One thing I think it is worth stating is that this is your final coursework and you should draw on everything you have learnt across this A Level to do well.
You need to ensure that you incorporate your learning into your coursework. It should include narrative voice, genre, language analysis, feminism as well as how the context impacts upon reader understanding. A wealth of knowledge!

The narrative voice in novels changed towards the end of the nineteenth century. The essay by Henry James, ‘The Art of Fiction’ signalled a change in the moralistic premise of Victorian novel and a move away from audience sensationalism to art. The challenges to convention reflect the social change at the end of the nineteenth century, and the transgression in the concept of identity, gender and the reality of moral literature. This is further evident in the theatre of the late nineteenth century.

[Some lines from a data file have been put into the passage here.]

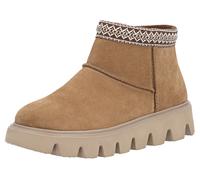 Winterboots RIEKER SPORT, Damen, Gr. 38, hellbraun, Veloursleder, ethno, Schuhe Winterboots, Plateauboots, Stiefelette mit Textileinfass im Ethno-Look (51275167-38) hellbraun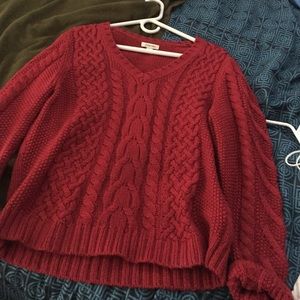 Burgundy Thick Knit Sweater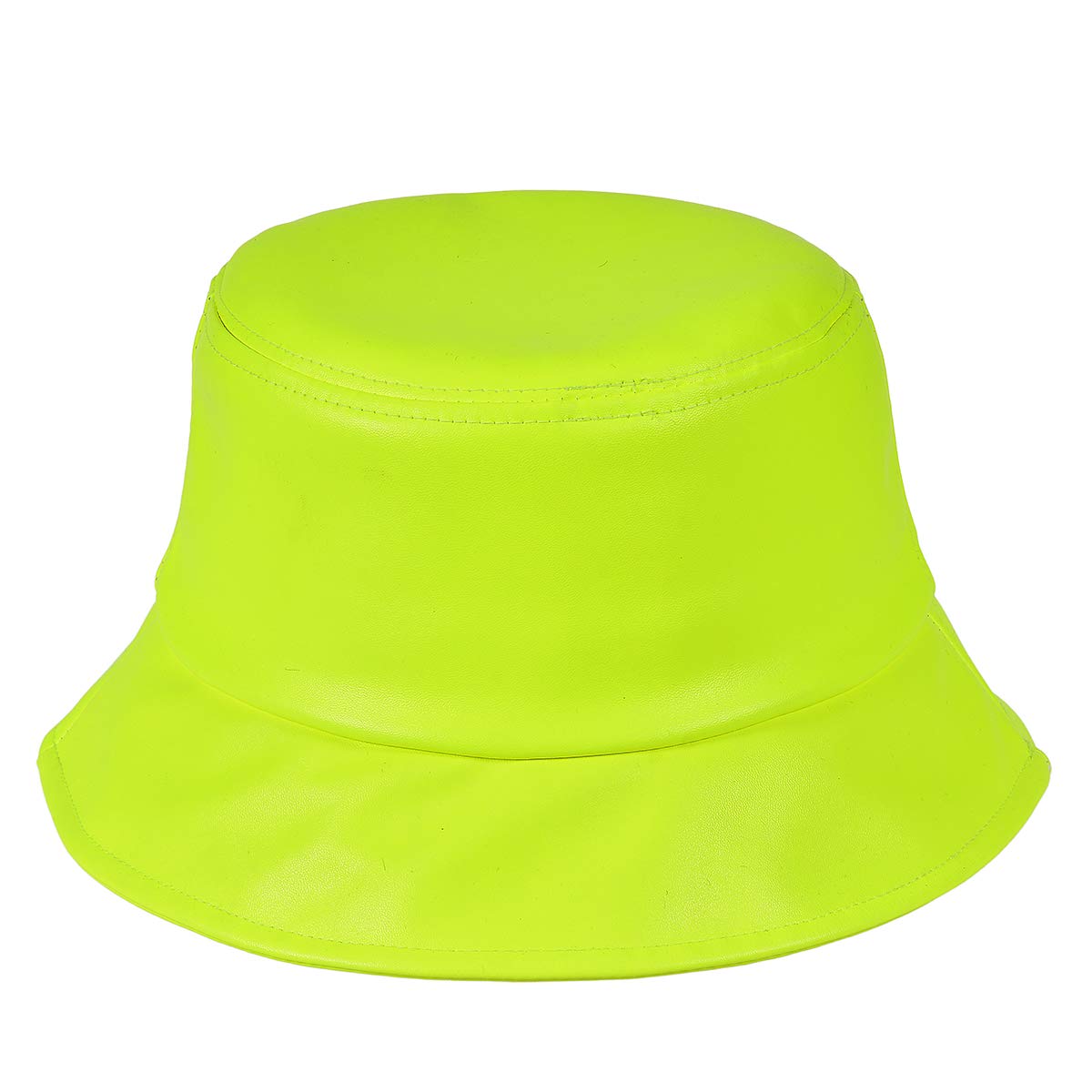 Cherry-On-Top Men's Neon Yellow Bucket Hat Bucket Hats Bucket Hats Wo Water Resistant Bucket Hat Pu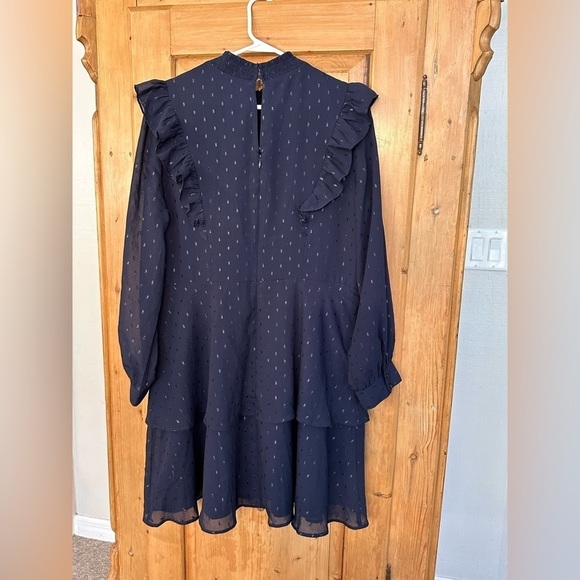 Express Dress Blue w/Silver Accents Great Detailing Long Sleeves NWT Size XL - Picture 9 of 15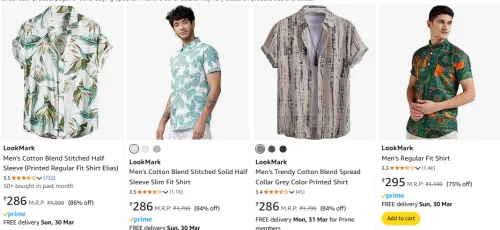Image of LookMark Men's Cotton Half Sleeve Regular Fit Shirt Starting at ₹286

For example, Oscar Wilde’s The Importance of Being Earnest (1895) and Henrik Ibsen’s The Doll’s House (1889) question Victorian notions of earnestness, gender and the reality of happy endings.

In Jane Eyre, Brontë also uses romanticism and the Gothic to emphasise the introspectiveness of Jane. In chapter 26 Brontë uses a blend of these genres:
‘Jane Eyre, who had been an ardent, expectant woman- almost a bride, was a cold, solitary girl again: her life was pale; her prospects desolate. A Christmas frost had come at midsummer; a white December storm has whirled over June; ice glazed the ripe apples, drifts crushed the blowing roses’ (Brontë)
The description of landscape to represent feeling and emotion, in this case pathetic fallacy, is typically associated with romantic poets. The iced ‘ripe apples’ connote her ‘ripe’ sexuality and fertility ceasing now her marriage has not happened. The crushed roses are significant as a stock article associated with love. The repetition of ice, particularly the ‘untrodden snow’ connotes the emotional coldness of her solitary journey. These evocative metaphors forefront descriptions the readership would have associated with the Romantic poets Coleridge, Wordsworth and Byron.  The ‘desolate’ and barren imagery are located in the gothic.  Also, by addressing herself in the third person Brontë creates a confusion of identity that shifts from the security found in a first person narrative. Furthermore, she has reverted from woman to child. This indicates a confusion of identity and also suggests the lack of autonomy women have when unmarried and fatherless. Brontë combines genres to not only to create imagery associated with Jane’s emotional state, but also to make a social comment about women.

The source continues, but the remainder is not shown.